◆ The problem ◆
Please, without any pictures, set down exactly the part of the listing below that opens with the line containing "5 benefits of" and closes with the line containing "江苏省泰州兴化市2015年中考化学一轮复习 第3章 物质构成的奥秘".

◆ Recorded information ◆
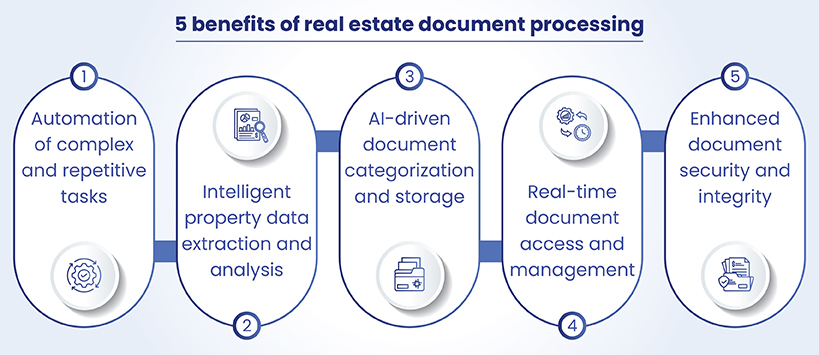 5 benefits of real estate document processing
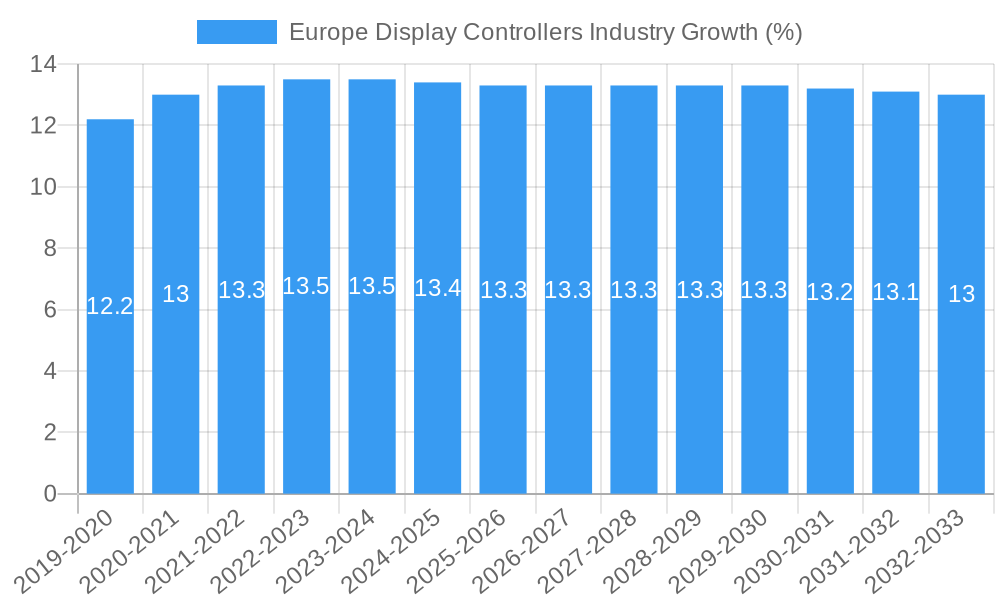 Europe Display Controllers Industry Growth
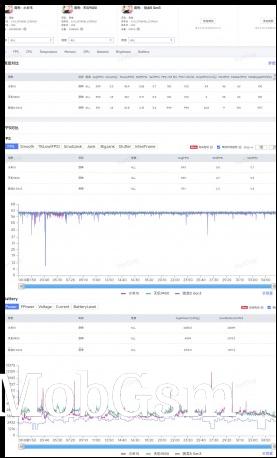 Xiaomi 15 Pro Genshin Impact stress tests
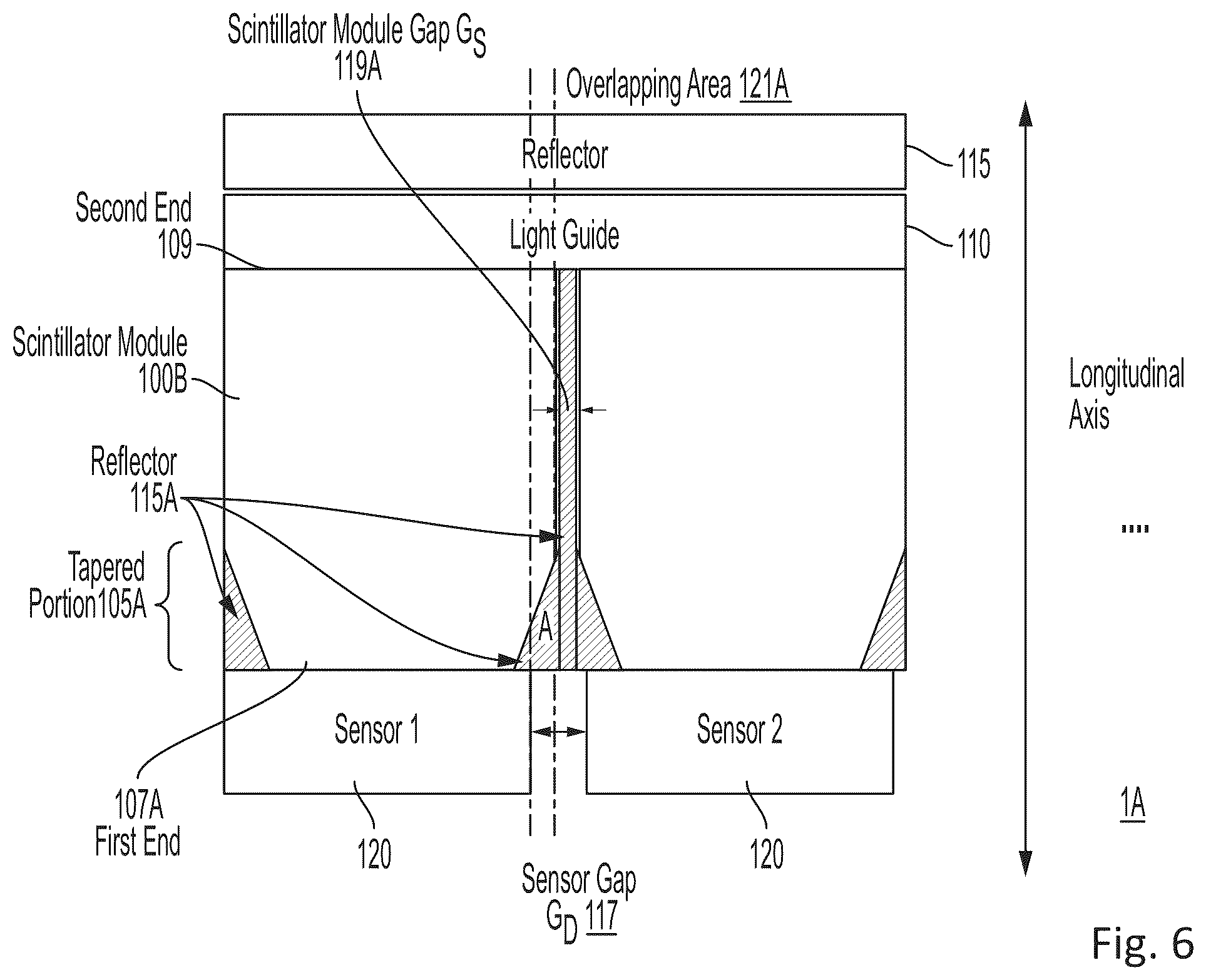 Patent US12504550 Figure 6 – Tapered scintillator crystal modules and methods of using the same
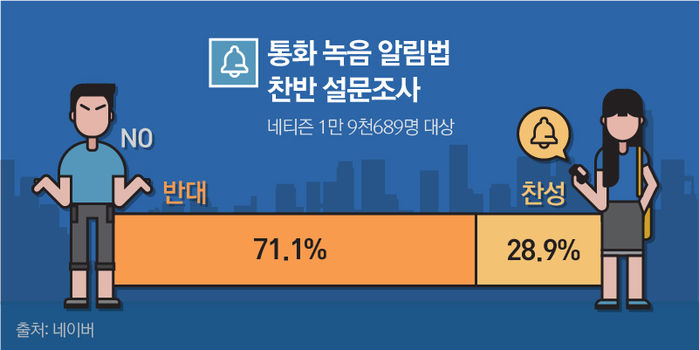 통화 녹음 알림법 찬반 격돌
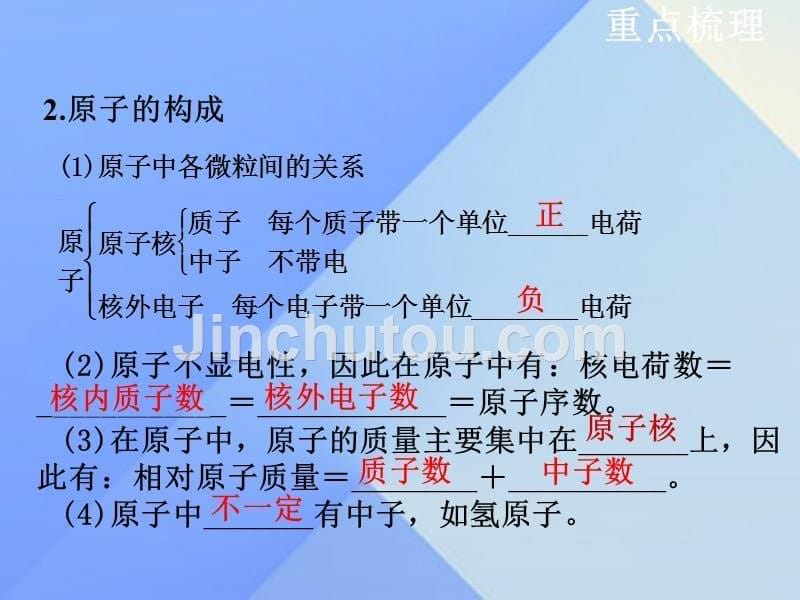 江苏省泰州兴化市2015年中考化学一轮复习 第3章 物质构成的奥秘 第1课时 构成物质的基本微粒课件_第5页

---

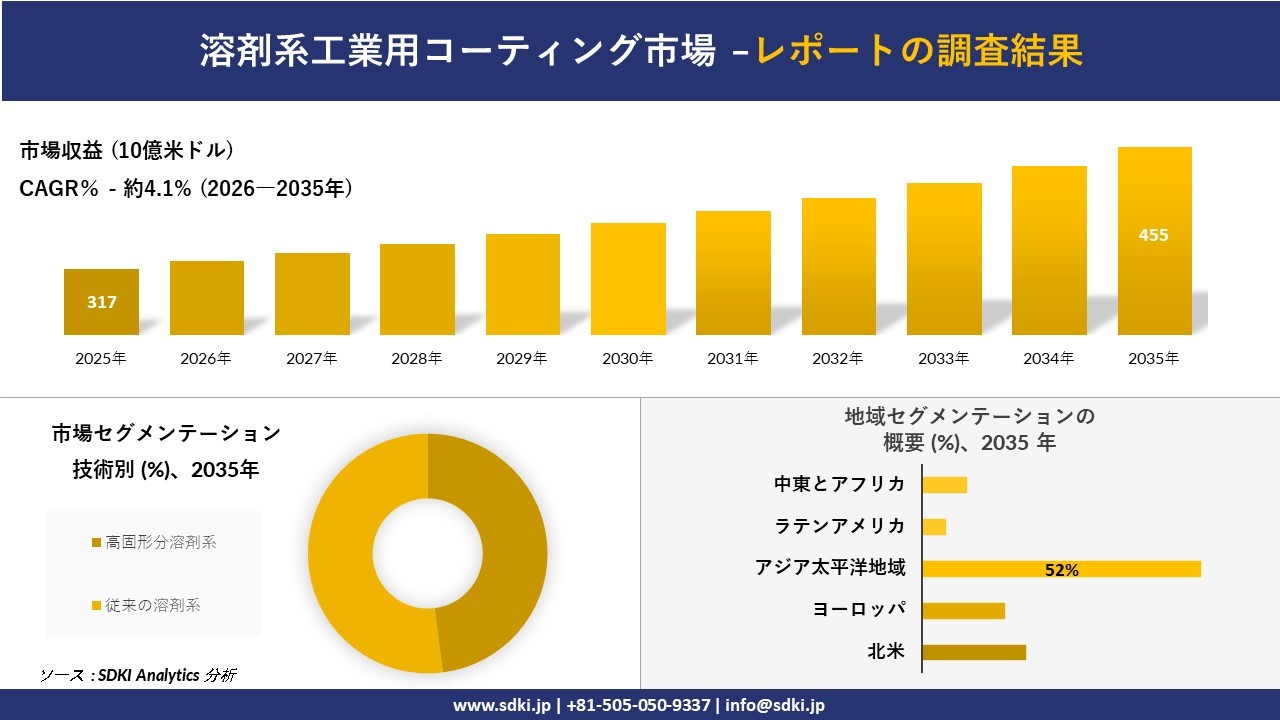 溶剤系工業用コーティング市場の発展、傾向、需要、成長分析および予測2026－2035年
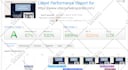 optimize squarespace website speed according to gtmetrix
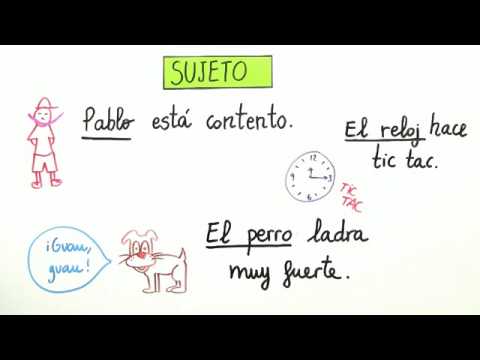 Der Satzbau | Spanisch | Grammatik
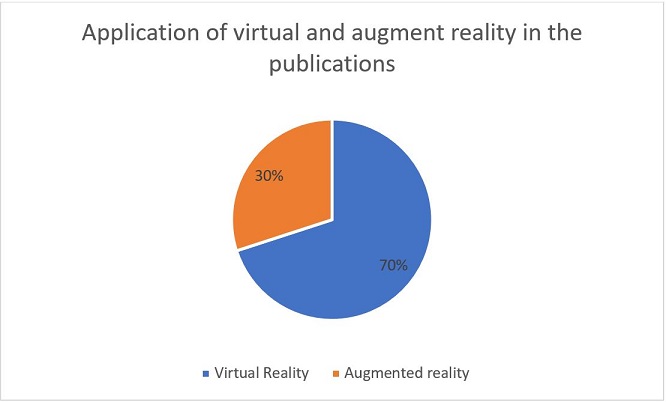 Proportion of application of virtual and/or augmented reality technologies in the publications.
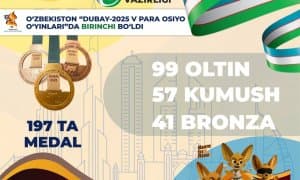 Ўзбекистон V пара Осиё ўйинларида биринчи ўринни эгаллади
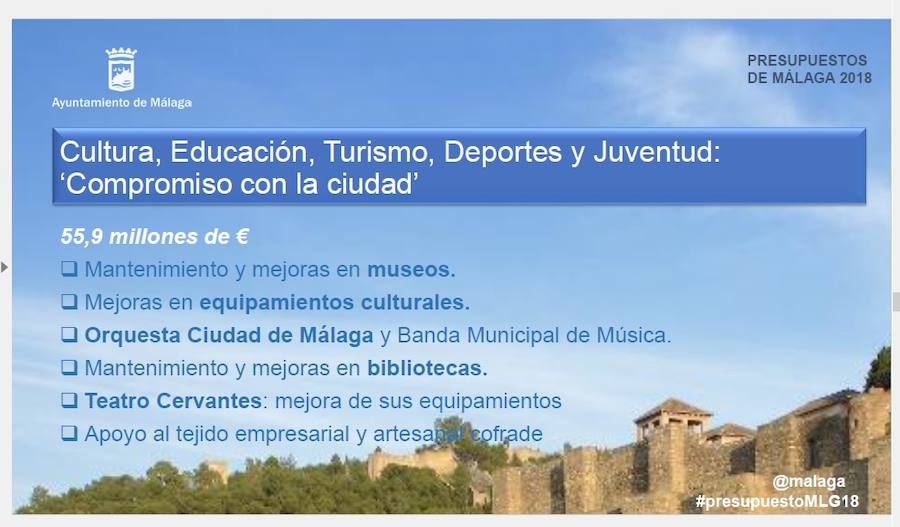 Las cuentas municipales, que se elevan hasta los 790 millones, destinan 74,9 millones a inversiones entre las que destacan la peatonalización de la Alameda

* * *

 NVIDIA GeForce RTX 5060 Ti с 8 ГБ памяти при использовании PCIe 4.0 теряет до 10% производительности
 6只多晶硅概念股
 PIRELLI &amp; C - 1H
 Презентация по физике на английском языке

◆ Solution to the exercise ◆
 5 benefits of real estate document processing
 Europe Display Controllers Industry Growth
 Xiaomi 15 Pro Genshin Impact stress tests
 Patent US12504550 Figure 6 – Tapered scintillator crystal modules and methods of using the same
 통화 녹음 알림법 찬반 격돌
 江苏省泰州兴化市2015年中考化学一轮复习 第3章 物质构成的奥秘 第1课时 构成物质的基本微粒课件_第5页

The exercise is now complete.